C'est une face de la Seconde Guerre mondiale peu traitée en littérature de jeunesse, celle de la Résistance du côté de l'Axe, qu'aborde Paul Dowswell. Le jeune Piotr Bruck, un Polonais de treize ans, perd ses parents dans un accident alors que les chars allemands envahissent son pays, en 1939. D'origine germanique, le garçon est repéré à l'orphelinat par les SS comme "de valeur raciale aryenne" et envoyé sur-le-champ à Berlin dans une "bonne famille", pour servir le Reich. Rebaptisé Peter par sa famille d'accueil, les Kaltenbach, le garçon est d'abord reconnaissant d'avoir une chambre confortable, de vrais repas et un semblant de vie normale. Mais, enrôlé dans les Hitlerjugend, il réalise peu à peu l'absurdité et la cruauté du national-socialisme. Pourquoi les énoncés d'arithmétique posent-ils toujours des problèmes de nombre d'armes allemandes supérieures à celles des Alliés ? Pourquoi cette manière obscène de parler des Juifs ? Pourquoi des comportements anodins entraînent-ils d'être dénoncé à la Gestapo ? Et quelle est la fonction exacte du professeur Kaltenbach à l'Institut scientifique ? Lorsque Peter rencontre Lena, dont il tombe amoureux, il découvre un monde d'ouverture : des caves secrètes où l'on écoute du jazz, des intellectuels qui aident des familles juives à se cacher. Sa guerre à lui commence.

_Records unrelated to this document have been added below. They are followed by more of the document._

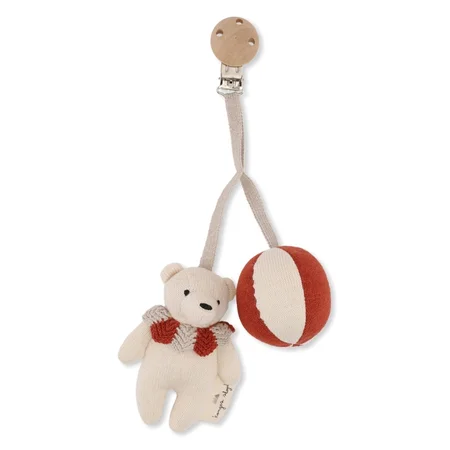 Konges Sløjd barnevognsophæng, bamse - toffee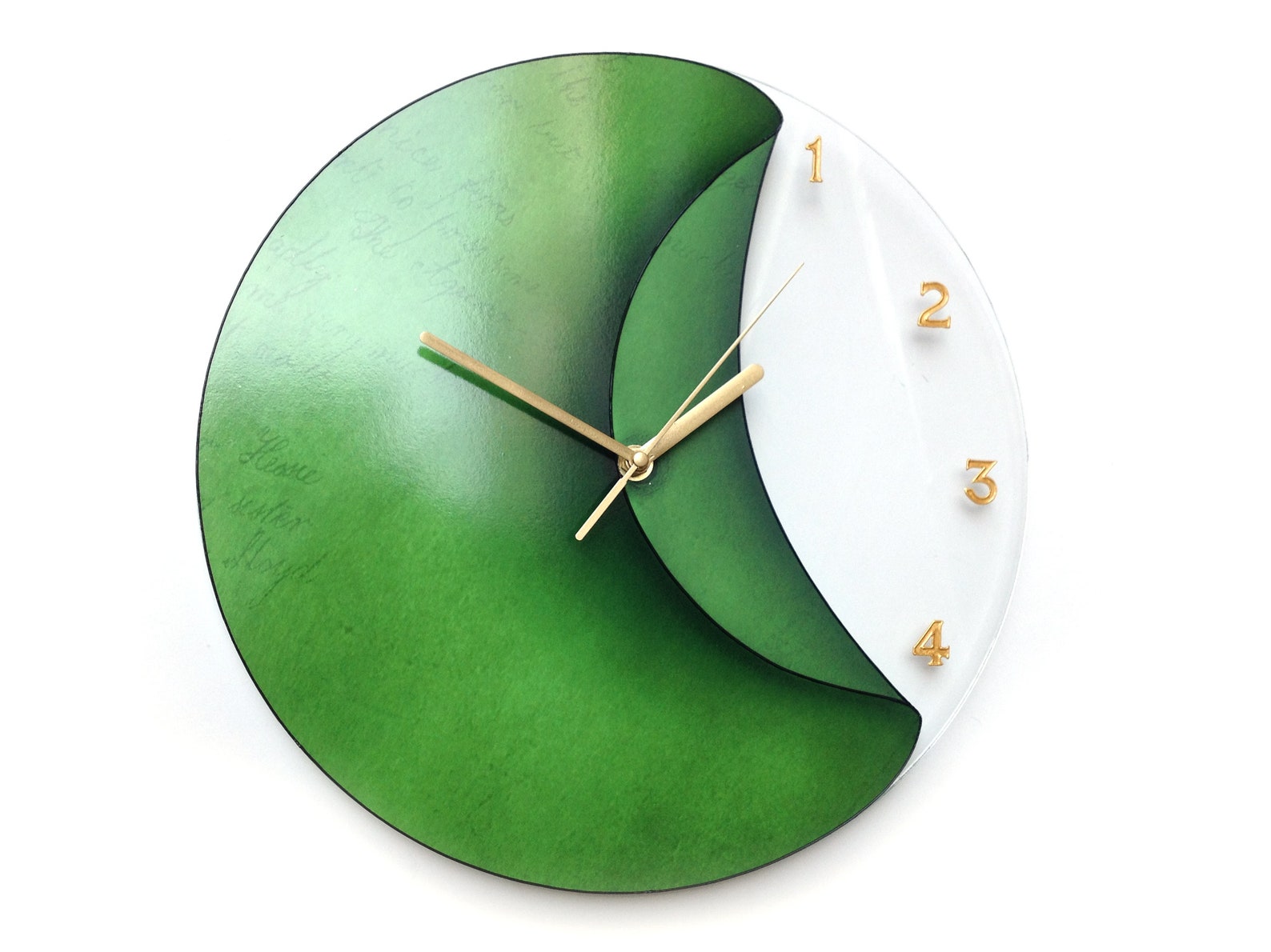 Rustic Wall Clock Oversized Clock Large Clock Glass Wall Etsy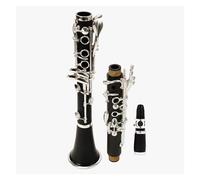 B Flat Clarinet Eight-figure Screw Column Silver-plated 17-key ABS Resin Clarinet With Storage Box Clarinet for Beginner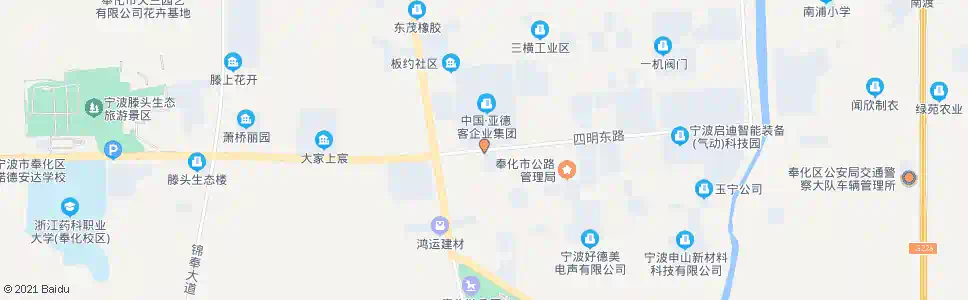 宁波亚德克_公交站地图_宁波公交_妙搜公交查询2025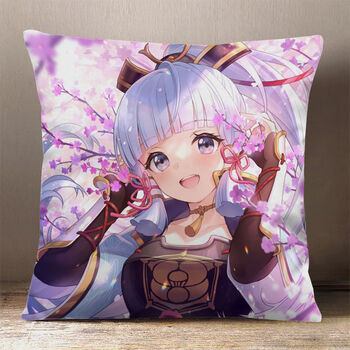 俏娟神里绫华抱枕 原神周边神里绫华抱枕稻妻城白鹭双面动漫二次元玩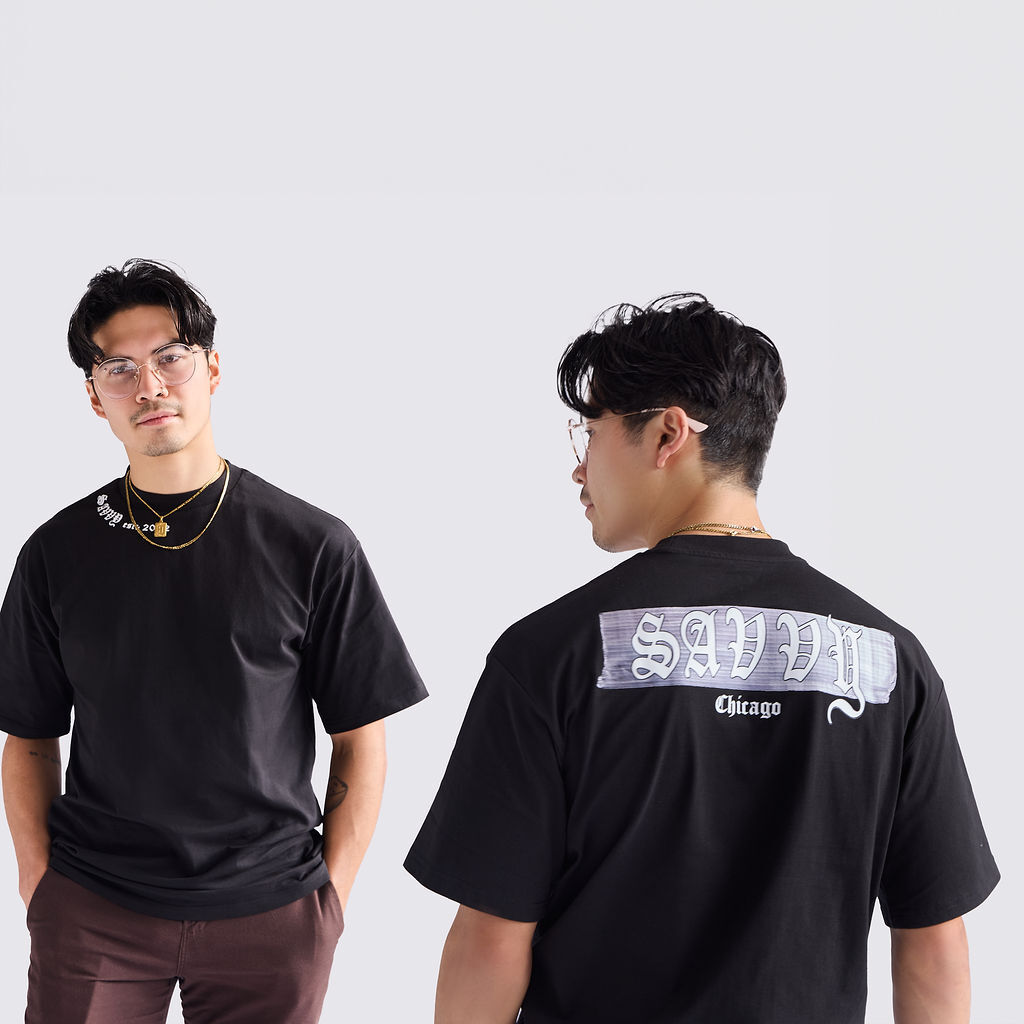 Savvy Black Short Sleeve T-Shirt Short Sleeve T-Shirt, Small - image 2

Tout comme Le garçon en pyjama rayé, le best-seller de John Boyne, Etranger à Berlin prend pour décor une famille proche du Führer. Mais loin de poser le héros en victime impuissante du chaos, ce roman initiatique va plus loin. Il amène le lecteur vers l'apprentissage de la conscience politique et le choix du courage.